Estou escrevendo uma mensagem para pôr numa garrafa e soltar no mar sem rumo e para ninguém.
Sem sequer saber se vão encontrar e se encontrarem se vão ler ou limpar as partes baixas com essa preciosa folha de papel.
Merda! Eu nem sei se quem encontrar vai saber ler.
Onde estou?
Na Praia que desembarquei após o naufrágio, do outro lado do Mar de brumas e longe de Sodom, mas ainda não o bastante.

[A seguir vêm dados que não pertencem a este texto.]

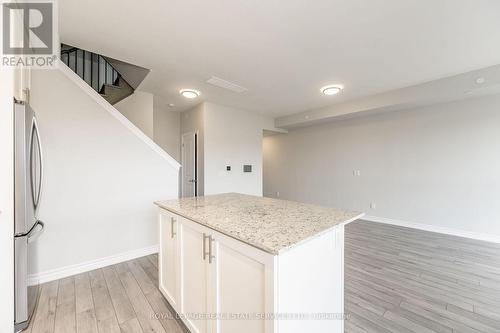 305 - 349 Wheat Boom Drive, Oakville, ON - Indoor Photo Showing Kitchen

O peixe Salgado que encontrei nos barris acabou, a água que coletei da chuva está no fim, o que significa que vou ter que entrar na floresta que rodeia esse lugar e caçar, porém antes de partir vou deixar uma mensagem.
Eu sou um meio orc, um meio humano e, portanto, nenhum dos dois. Motivo maior do meu infortúnio.
Sammai o erudito e escriba real, tem a posse do meu manuscrito agora, lá está minha história e nela você vai encontrar a história de um pária, Cyn dos Olhos Azuis, o desgraçado que vos fala.

Sou "filho" de um Kanog Orc e uma mulher da casa Zabel. Resumindo, nenhum romance aqui, apenas um violador e uma suicida que tentou me levar para o além ainda no seu ventre. Nada de mais debaixo do sol.

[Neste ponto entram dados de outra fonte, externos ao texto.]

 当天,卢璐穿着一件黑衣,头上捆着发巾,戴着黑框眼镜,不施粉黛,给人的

Depois disso fui vendido a um circo e recebi a alcunha de Olhos Azuis, atributo que herdei de minha progenitora. Até o dia que uma bruxa entrou em minha vida, mudou meu nome para Cyn e então, minha vida desgraçada também se revelou uma sina insana. Ela dizia que eu deveria ser o Heosphoros. O escolhido para mudar destinos... Quanta balela.

A partir daí, tudo que fiz foi caminhar no proverbial fio da espada. Cada vez mais perto da chama, mais perto da lamina.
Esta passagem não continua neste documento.